El discurso empresarial insiste en que los accidentes laborales son inevitables. Pero no lo son. Son el resultado directo de decisiones políticas y empresariales que priorizan el ahorro de costes sobre la seguridad. La reducción de inspecciones, la insuficiencia de sanciones y la flexibilización del mercado laboral han creado un entorno donde las empresas saben que la impunidad está garantizada.
Las patronales, en lugar de asumir su responsabilidad, desvían la atención hacia debates artificiales como el absentismo laboral. Sin embargo, la verdadera crisis está en la falta de inversión en prevención, en la inexistencia de medidas de protección reales y en la precarización de las condiciones de trabajo.
Es imprescindible que la Inspección de Trabajo se refuerce con más personal, mayores recursos y sanciones severas para las empresas que incumplen las normativas de seguridad. Sin controles estrictos y penalizaciones ejemplares, la prevención seguirá siendo un trámite burocrático sin impacto real.
Las empresas deben asumir su responsabilidad directa y no delegarla en una maraña de subcontratas. En sectores de alto riesgo, la subcontratación en cadena debe prohibirse, garantizando que las empresas principales sean responsables de la seguridad de todas las personas trabajadoras en su ámbito de actividad.
Es urgente revisar los tiempos de trabajo y descanso. Jornadas extenuantes y ritmos de producción inhumanos están directamente relacionados con accidentes e infartos en el trabajo. La reducción de la jornada laboral y la implementación de tiempos de descanso adecuados deben ser una prioridad.
Los sectores más invisibilizados requieren protección específica. Trabajadoras del hogar, jornaleros y repartidores de plataformas digitales necesitan regulaciones que garanticen su seguridad y condiciones dignas. El Estado debe garantizar el acceso a la seguridad laboral para todas las personas, sin distinción de su tipo de contrato o situación administrativa.
La seguridad en el trabajo no puede depender solo de la voluntad de la empresa.

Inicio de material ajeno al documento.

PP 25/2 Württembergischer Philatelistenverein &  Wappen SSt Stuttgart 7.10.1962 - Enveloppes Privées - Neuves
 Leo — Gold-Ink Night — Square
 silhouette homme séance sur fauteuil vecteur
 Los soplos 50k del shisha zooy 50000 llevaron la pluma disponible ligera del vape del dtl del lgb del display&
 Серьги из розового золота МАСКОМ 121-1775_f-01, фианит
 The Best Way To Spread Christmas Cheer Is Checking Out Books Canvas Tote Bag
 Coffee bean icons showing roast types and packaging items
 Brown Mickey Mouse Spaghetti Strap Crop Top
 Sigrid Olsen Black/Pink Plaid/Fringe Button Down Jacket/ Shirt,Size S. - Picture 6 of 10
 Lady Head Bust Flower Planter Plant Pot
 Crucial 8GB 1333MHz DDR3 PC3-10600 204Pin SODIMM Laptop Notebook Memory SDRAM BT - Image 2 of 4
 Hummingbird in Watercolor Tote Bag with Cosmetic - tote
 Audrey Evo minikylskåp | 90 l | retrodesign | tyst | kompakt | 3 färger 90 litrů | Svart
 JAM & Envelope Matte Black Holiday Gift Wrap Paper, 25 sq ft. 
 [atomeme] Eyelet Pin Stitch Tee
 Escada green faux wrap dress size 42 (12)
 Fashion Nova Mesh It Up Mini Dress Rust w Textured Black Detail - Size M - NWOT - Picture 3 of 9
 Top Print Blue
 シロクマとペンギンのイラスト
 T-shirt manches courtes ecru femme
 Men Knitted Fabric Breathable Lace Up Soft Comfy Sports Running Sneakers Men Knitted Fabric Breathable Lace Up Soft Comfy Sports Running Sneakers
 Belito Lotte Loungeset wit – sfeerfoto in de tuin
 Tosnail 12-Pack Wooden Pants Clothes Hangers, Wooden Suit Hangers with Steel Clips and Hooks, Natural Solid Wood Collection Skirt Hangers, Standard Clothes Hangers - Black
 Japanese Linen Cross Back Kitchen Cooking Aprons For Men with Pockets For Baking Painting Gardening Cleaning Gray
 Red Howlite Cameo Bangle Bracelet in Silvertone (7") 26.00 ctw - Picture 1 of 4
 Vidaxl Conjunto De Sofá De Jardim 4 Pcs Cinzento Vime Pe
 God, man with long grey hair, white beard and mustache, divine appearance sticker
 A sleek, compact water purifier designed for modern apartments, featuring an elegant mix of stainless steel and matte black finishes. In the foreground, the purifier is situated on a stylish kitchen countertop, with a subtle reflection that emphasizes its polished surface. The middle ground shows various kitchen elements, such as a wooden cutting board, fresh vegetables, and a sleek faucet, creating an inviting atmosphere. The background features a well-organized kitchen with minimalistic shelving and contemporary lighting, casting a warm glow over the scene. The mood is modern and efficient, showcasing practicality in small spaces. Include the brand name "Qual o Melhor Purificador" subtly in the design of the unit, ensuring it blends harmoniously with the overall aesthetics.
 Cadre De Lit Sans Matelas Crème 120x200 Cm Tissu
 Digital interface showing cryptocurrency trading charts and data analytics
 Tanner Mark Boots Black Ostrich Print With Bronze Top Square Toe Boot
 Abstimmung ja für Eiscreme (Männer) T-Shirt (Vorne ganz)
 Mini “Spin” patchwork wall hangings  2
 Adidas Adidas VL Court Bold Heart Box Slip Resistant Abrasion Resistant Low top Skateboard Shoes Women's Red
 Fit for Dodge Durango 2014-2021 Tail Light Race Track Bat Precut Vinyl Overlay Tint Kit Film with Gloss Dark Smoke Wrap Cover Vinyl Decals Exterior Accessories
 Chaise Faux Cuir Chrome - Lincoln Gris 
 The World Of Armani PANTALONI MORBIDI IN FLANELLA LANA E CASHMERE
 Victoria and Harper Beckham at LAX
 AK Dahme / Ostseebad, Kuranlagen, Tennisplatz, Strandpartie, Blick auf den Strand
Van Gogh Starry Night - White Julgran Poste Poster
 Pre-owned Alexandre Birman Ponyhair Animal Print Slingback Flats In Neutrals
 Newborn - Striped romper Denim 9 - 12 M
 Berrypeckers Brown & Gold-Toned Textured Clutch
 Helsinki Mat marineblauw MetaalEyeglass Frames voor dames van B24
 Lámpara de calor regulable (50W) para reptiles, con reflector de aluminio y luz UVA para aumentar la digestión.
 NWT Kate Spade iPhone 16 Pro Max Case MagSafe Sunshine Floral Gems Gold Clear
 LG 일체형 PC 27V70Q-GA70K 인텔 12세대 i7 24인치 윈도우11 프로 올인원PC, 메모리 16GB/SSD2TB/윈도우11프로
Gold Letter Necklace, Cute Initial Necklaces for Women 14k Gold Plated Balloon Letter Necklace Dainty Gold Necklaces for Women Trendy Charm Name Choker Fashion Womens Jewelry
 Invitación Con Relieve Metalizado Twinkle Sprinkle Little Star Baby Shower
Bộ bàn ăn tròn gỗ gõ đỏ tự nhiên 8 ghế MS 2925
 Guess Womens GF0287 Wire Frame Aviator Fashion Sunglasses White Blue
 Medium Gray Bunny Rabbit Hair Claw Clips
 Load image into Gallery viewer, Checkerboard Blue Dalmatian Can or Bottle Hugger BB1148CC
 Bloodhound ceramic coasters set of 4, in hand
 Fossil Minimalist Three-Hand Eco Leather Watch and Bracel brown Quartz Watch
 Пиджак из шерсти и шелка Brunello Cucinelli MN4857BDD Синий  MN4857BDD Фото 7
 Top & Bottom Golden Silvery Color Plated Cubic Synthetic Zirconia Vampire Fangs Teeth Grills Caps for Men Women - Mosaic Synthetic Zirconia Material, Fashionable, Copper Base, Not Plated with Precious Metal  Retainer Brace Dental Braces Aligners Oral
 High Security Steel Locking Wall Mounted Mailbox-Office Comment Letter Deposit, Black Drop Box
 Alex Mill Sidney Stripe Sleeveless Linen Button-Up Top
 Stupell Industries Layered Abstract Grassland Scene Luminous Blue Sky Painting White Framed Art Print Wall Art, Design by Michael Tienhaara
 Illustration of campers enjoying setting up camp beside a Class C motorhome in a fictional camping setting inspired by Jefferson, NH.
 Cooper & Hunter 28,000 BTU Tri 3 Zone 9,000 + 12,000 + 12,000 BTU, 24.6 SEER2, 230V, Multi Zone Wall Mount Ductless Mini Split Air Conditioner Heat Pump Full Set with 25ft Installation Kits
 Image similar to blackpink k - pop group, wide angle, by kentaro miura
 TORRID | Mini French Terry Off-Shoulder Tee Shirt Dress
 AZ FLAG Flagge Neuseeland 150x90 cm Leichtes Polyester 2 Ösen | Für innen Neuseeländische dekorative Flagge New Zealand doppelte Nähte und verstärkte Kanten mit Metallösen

Es imprescindible que las personas trabajadoras tengan voz en la prevención de riesgos laborales. Los comités de seguridad y salud en las empresas deben fortalecerse y contar con poder vinculante, de la mano de los sindicatos y organizaciones laborales.
Por último, es necesario un cambio cultural y político. La siniestralidad laboral no puede seguir siendo vista como un costo inevitable del modelo productivo. Debe ser considerada una emergencia social y política, que requiere respuestas contundentes y urgentes.
Cada muerte en el trabajo es una injusticia que podría haberse evitado. No podemos normalizar que una persona pierda la vida cada tres horas mientras realiza su labor. No podemos seguir tolerando que el sistema laboral funcione como una máquina de descartar vidas humanas en nombre de la rentabilidad.
La lucha contra la siniestralidad laboral no es solo una cuestión de derechos laborales: es una cuestión de justicia social y de dignidad humana. Necesitamos un cambio estructural urgente que no solo sancione a las empresas que ponen en riesgo a sus trabajadores, sino que transforme el modelo económico para garantizar que el trabajo nunca más sea una sentencia de muerte.
Es hora de alzar la voz. Es hora de exigir que la vida esté por encima del beneficio.